Sosyal dışlanma yaklaşımında özürlülük, bir dezavantajlılık formu olarak yer bulmaktadır ve sosyal dışlanma riskine diğerlerine oranla daha fazla maruz kalan kesimlerden birini ifade etmektedir. Emek piyasasının dışında bırakılan, sosyal yaşama katılımları çeşitli sebeplerle (toplumsal önyargılar, fiziksel engeller gibi) engellenen özürlüler için yoksullaşma ve dışlanma kaçınılmaz olmaktadır.

Yoksulluk-özürlülük ilişkisinde sosyal dışlanma yaklaşımının imkanlarını değerlendirmek açısından, yoksulluk ve sosyal dışlanma ilişkisine bakılırsa, sosyal dışlanmanın yoksulluğa da vurgu yaptığı, ancak yoksulluktan daha geniş bir çerçeve çizdiği söylenebilir. Günümüz yeni yoksulluk sürecinin özürlüler açısından nasıl tecrübe edildiğine bakılması açısından sosyal dışlanma yaklaşımı anlamlı olabilir.

aB sosyal politikası açısından anlamlı görünen bu yaklaşım, özürlülük sorununa da sosyal dışlanma merkezli bir bakış açısı geliştirebilir. ancak, Batı dışı toplumlarda, geçmişten gelen ve bugünü şekillendiren toplumsal dinamiklerin farklılığı, kavramın olanaklarını azaltabilir ve yoksulluk olgusunun gelişmekte olan ve az gelişmiş ülkelerdeki boyutu ve önemini göz ardı edebilir. Dolayısıyla bu bağlamda yoksulluk ve özürlülük ilişkisinin teorik düzeyde sosyal dışlanma kavramıyla karşılanması zor görünmektedir.

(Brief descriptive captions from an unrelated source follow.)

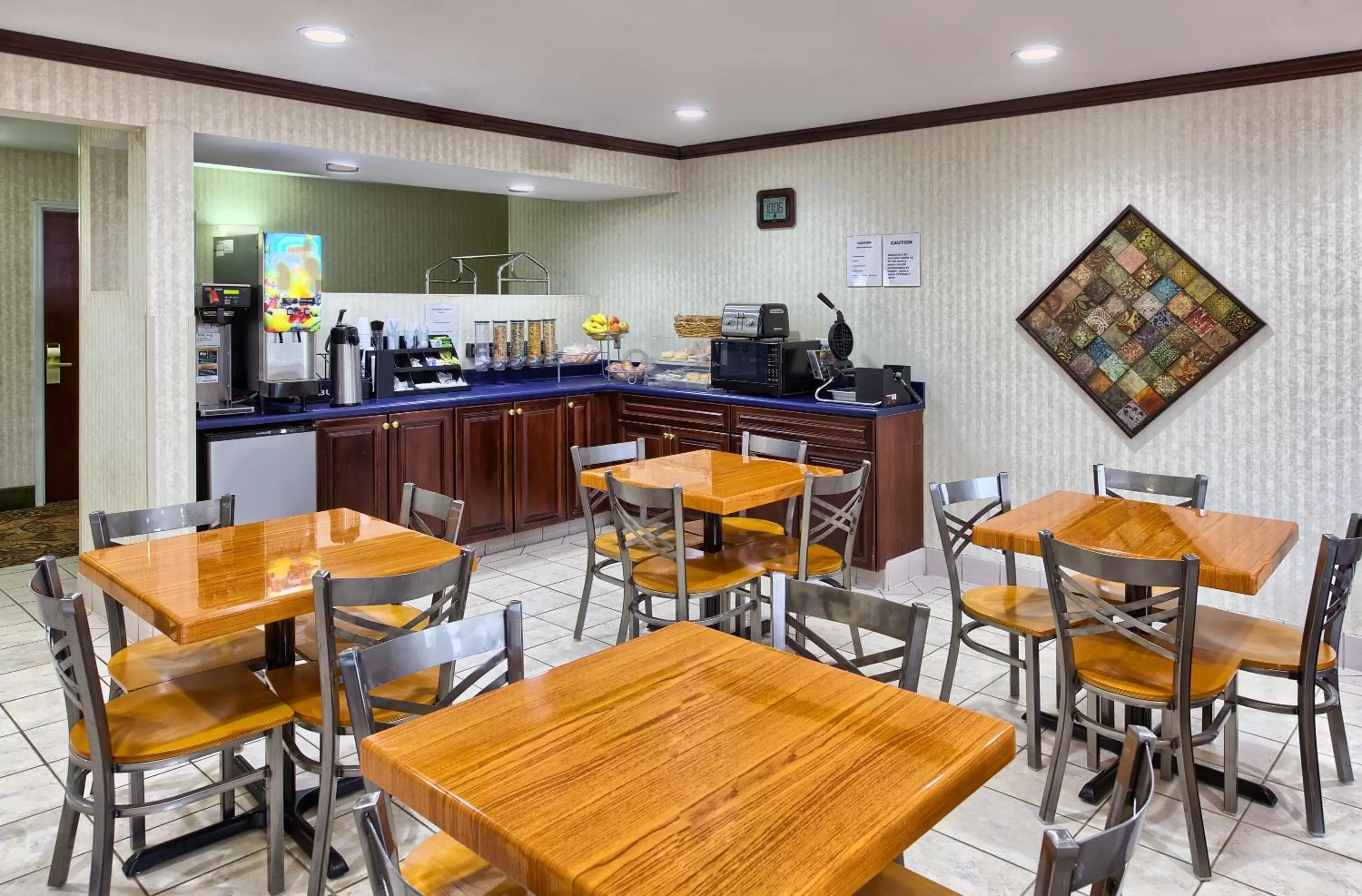 Breakfast in Country Hearth Inn of Knightdale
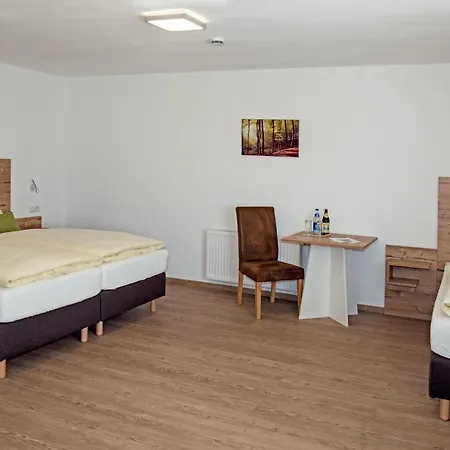 Отель Roemercastell Wirtshaus &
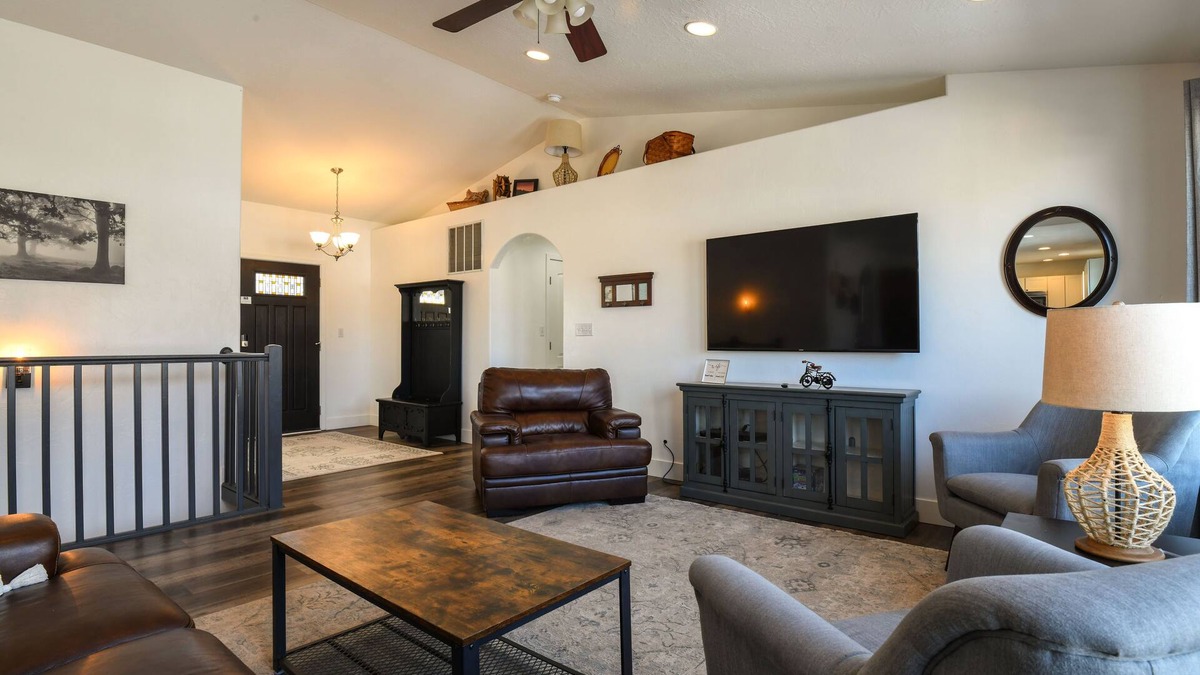 Moab South Valley House | Desert and Mountain Views from this large home set up to be your Moab home base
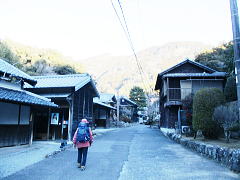 花沢の里から歩き始める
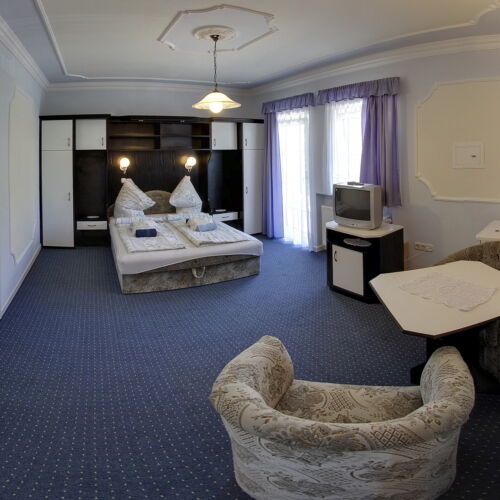 Camera dubla cu balcon cu aer condiționat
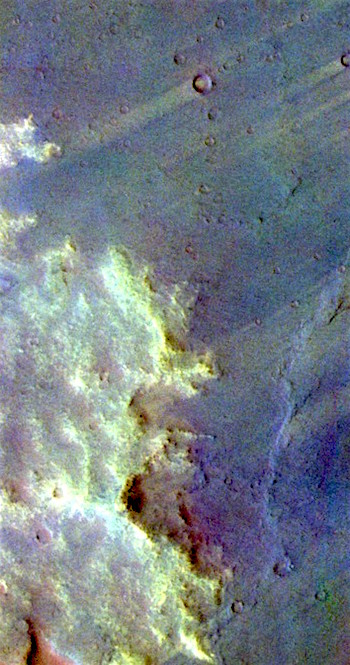 False-color wind streaks on Syrtis Major (THEMIS_IOTD_20170102)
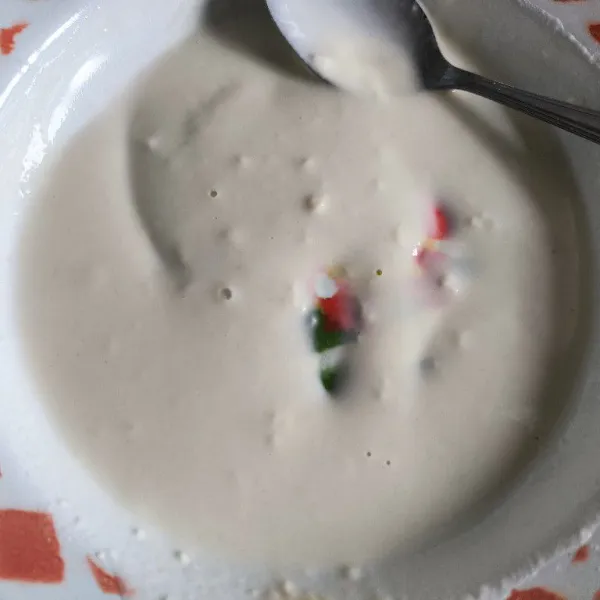 Siapkan bahan pelapis basah aduk hingga mengental.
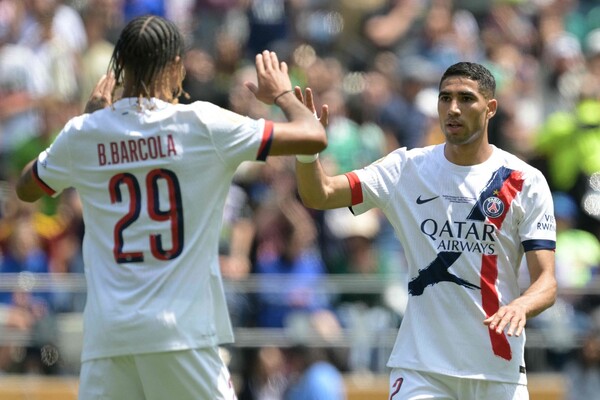 Paris Saint -Germain's Fullback Ashrap Hockey (right) is delighted after scoring in the match against Seattle Saltar, the third leg of the 2025 FIFA Club World Cup, which was held on the 24th. Seattle/AFP Yonhap News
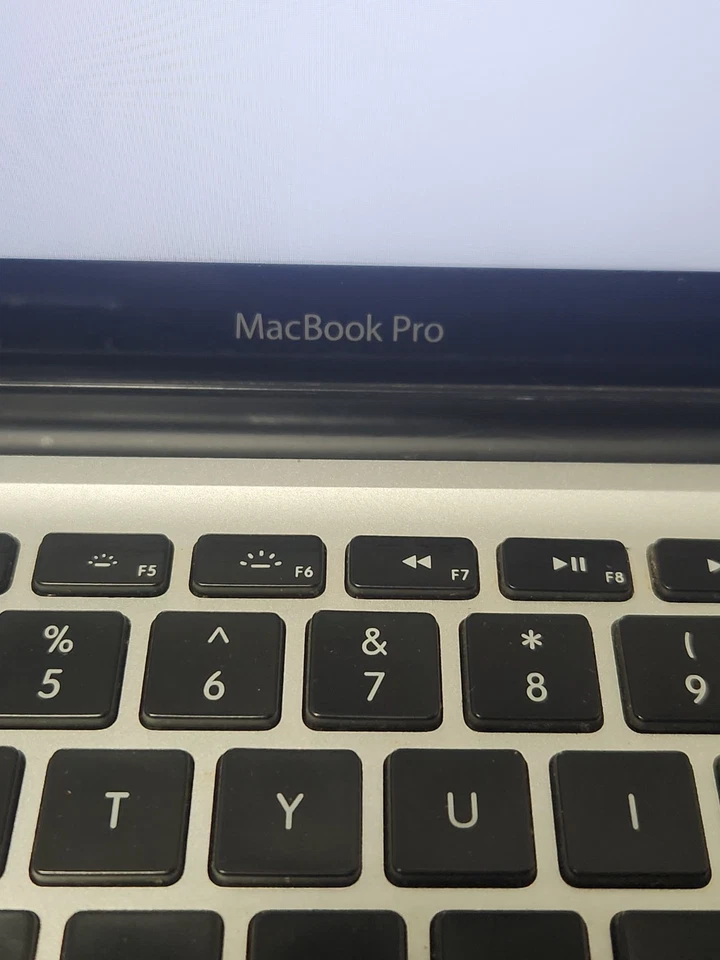 Apple MacBook Pro 13" finales de 2011 Core i5 2,4 GHz 500 GB HDD 4 GB RAM (A1278) -... Foto 2 de 4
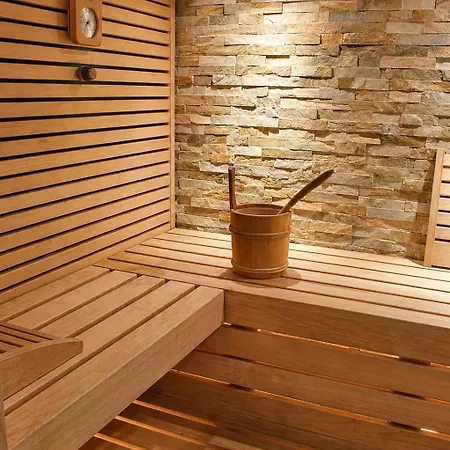 Woodmood *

Sosyal dışlanma yaklaşımına bir “aB sosyal politikası kavramı” olmasının yanında bir de yukarıda belirtilen teorik perspektiften bakılınca, daha çok dışlanmanın

ortaya çıkış biçimleri ve postmodern dönemin dinamikleri ön plana çıkmaktadır. Bu bakış açısı, daha makro bir perspektiften dışlanmanın günümüz için ne anlam ifade ettiğini betimler. Dolayısıyla bu durum, özürlülük ve yoksulluk ilişkisini dışlanma temelinde ele almanın olanaklarını kısıtlar.

Sonuç olarak, özürlüler toplumsal yaşamdan dışlanan önemli kesimlerden birisidir. ancak dışlanma kavramının kendisi yoksulluk olgusunu tamamen karşılamadığı ve kuşatmadığından, özürlülerin yaşadığı yoksulluk olgusuna ve yoksulluğun da sebep olduğu özürlülük olgusuna ilişkin ayrıntılı açılımlar sağlaması güçtür.